**Data extracts**
*-*-*

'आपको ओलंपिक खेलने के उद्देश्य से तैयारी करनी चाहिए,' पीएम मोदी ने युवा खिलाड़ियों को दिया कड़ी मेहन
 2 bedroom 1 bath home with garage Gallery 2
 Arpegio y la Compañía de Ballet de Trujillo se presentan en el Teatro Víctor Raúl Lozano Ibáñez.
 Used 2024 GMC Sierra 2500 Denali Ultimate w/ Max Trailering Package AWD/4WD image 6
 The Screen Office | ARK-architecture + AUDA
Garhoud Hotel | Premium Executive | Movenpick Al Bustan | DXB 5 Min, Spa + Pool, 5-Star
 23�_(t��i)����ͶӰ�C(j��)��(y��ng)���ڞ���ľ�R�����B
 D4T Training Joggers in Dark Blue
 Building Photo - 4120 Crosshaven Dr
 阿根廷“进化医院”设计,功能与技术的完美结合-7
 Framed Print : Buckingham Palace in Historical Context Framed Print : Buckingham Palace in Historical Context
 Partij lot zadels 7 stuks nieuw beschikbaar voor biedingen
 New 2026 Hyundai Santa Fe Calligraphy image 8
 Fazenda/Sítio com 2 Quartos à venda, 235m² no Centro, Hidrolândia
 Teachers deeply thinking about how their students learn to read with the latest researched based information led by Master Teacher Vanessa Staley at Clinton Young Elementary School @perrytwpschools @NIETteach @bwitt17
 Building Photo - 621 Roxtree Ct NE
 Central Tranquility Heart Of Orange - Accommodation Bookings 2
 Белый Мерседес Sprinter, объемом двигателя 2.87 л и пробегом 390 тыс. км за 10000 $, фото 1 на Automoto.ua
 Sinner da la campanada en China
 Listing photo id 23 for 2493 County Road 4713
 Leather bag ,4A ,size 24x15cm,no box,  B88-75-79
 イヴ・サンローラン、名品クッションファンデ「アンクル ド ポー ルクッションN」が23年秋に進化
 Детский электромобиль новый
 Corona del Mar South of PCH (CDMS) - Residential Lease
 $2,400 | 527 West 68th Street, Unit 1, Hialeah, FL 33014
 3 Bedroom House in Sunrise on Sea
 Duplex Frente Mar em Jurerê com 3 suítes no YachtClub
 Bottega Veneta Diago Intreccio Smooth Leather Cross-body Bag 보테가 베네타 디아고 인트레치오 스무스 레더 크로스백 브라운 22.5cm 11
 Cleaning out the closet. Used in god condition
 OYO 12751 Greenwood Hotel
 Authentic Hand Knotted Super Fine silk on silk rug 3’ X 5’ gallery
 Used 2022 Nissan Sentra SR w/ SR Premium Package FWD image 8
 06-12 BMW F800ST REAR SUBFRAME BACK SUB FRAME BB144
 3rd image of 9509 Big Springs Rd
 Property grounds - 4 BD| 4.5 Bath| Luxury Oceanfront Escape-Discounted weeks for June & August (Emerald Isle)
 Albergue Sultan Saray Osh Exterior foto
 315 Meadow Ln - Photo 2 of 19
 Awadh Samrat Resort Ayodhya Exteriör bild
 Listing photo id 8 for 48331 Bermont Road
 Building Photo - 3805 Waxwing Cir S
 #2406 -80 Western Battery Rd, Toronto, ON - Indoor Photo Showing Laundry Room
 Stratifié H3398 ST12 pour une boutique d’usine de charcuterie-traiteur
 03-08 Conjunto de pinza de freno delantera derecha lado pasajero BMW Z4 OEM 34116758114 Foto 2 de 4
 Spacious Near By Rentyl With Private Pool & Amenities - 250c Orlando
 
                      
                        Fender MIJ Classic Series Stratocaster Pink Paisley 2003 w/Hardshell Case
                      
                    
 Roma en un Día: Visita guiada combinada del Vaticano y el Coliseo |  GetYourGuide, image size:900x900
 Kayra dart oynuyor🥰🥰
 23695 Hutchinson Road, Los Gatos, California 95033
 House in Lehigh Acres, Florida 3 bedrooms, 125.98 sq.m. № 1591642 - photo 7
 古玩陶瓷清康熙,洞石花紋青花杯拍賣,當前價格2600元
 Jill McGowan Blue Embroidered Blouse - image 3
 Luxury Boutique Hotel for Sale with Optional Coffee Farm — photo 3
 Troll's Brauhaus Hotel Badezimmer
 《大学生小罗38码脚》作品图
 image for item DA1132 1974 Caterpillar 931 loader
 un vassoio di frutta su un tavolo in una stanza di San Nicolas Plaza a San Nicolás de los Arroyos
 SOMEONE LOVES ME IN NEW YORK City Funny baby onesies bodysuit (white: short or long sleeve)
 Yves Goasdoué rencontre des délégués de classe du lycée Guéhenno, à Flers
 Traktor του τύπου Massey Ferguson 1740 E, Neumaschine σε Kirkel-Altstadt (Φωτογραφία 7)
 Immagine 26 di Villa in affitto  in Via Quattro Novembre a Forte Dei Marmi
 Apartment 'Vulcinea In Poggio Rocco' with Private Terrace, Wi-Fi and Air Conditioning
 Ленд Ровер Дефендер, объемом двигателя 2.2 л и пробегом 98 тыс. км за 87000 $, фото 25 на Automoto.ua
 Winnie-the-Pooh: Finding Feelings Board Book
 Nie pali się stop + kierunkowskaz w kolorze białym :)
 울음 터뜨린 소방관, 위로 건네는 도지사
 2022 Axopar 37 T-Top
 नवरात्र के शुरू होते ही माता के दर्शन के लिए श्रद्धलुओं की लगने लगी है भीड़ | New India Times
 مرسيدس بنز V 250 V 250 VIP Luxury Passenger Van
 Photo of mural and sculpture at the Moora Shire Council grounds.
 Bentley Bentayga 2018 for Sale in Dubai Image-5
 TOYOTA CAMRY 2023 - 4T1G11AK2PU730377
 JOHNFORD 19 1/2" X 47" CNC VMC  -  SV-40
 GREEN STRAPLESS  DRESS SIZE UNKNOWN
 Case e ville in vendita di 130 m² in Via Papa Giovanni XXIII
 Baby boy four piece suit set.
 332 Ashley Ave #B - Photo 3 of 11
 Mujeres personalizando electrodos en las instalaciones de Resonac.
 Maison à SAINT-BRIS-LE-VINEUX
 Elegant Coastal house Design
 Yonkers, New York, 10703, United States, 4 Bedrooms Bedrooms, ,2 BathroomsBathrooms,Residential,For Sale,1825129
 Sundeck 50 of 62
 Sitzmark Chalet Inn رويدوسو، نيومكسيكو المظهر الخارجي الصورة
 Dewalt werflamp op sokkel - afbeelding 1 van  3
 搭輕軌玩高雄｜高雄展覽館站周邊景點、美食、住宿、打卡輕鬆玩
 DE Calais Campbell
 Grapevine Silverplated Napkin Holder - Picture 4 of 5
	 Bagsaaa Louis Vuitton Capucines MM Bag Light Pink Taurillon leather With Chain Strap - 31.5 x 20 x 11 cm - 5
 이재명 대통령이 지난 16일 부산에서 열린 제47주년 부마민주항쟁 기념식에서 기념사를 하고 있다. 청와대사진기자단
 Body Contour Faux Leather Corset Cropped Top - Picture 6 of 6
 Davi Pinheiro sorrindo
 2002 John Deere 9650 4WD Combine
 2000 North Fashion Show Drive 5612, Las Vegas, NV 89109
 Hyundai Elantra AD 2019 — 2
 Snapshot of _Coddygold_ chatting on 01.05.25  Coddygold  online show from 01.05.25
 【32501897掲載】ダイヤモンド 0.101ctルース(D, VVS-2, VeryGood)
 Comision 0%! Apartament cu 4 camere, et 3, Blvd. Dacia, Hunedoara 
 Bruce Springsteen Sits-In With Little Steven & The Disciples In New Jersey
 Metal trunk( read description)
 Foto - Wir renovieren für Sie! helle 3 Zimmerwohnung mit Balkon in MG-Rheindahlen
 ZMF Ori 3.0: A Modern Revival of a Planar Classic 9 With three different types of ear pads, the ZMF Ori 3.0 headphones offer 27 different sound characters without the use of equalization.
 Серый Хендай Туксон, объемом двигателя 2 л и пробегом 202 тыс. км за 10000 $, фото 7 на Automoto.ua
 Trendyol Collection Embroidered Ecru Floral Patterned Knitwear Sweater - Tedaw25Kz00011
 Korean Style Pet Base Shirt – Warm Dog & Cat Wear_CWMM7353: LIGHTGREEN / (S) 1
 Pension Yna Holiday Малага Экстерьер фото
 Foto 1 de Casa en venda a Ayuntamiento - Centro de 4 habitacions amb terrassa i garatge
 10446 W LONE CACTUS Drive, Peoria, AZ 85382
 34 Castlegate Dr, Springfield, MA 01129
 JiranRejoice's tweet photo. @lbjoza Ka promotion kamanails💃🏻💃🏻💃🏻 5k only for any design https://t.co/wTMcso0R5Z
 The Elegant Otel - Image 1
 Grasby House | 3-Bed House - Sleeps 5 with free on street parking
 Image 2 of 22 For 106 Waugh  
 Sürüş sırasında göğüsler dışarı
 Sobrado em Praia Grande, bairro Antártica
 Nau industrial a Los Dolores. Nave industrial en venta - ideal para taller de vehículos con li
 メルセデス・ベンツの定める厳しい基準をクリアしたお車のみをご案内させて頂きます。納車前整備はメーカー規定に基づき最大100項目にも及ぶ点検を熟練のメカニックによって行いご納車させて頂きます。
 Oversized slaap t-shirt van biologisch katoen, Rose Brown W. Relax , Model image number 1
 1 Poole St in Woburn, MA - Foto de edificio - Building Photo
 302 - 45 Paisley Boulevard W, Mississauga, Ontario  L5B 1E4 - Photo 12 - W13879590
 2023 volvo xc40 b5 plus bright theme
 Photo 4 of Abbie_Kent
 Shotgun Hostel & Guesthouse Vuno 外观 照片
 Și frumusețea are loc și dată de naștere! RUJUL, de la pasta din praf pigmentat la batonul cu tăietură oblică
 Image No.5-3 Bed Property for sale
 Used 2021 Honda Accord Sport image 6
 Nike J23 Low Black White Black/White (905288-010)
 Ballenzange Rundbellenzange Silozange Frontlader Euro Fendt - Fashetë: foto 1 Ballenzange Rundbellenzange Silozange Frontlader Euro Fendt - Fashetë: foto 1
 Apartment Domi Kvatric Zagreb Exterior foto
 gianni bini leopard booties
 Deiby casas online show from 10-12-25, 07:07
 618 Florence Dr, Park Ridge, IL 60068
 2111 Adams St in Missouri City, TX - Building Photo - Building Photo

*-*-*

**About this exercise**
Reproduce the lines of the entries above from the one with "Fazenda/Sítio com 2" to the one with "315 Meadow Ln - Photo 2 of 19", both included, exactly and without any other line.

**Solution to this exercise**
 Fazenda/Sítio com 2 Quartos à venda, 235m² no Centro, Hidrolândia
 Teachers deeply thinking about how their students learn to read with the latest researched based information led by Master Teacher Vanessa Staley at Clinton Young Elementary School @perrytwpschools @NIETteach @bwitt17
 Building Photo - 621 Roxtree Ct NE
 Central Tranquility Heart Of Orange - Accommodation Bookings 2
 Белый Мерседес Sprinter, объемом двигателя 2.87 л и пробегом 390 тыс. км за 10000 $, фото 1 на Automoto.ua
 Sinner da la campanada en China
 Listing photo id 23 for 2493 County Road 4713
 Leather bag ,4A ,size 24x15cm,no box,  B88-75-79
 イヴ・サンローラン、名品クッションファンデ「アンクル ド ポー ルクッションN」が23年秋に進化
 Детский электромобиль новый
 Corona del Mar South of PCH (CDMS) - Residential Lease
 $2,400 | 527 West 68th Street, Unit 1, Hialeah, FL 33014
 3 Bedroom House in Sunrise on Sea
 Duplex Frente Mar em Jurerê com 3 suítes no YachtClub
 Bottega Veneta Diago Intreccio Smooth Leather Cross-body Bag 보테가 베네타 디아고 인트레치오 스무스 레더 크로스백 브라운 22.5cm 11
 Cleaning out the closet. Used in god condition
 OYO 12751 Greenwood Hotel
 Authentic Hand Knotted Super Fine silk on silk rug 3’ X 5’ gallery
 Used 2022 Nissan Sentra SR w/ SR Premium Package FWD image 8
 06-12 BMW F800ST REAR SUBFRAME BACK SUB FRAME BB144
 3rd image of 9509 Big Springs Rd
 Property grounds - 4 BD| 4.5 Bath| Luxury Oceanfront Escape-Discounted weeks for June & August (Emerald Isle)
 Albergue Sultan Saray Osh Exterior foto
 315 Meadow Ln - Photo 2 of 19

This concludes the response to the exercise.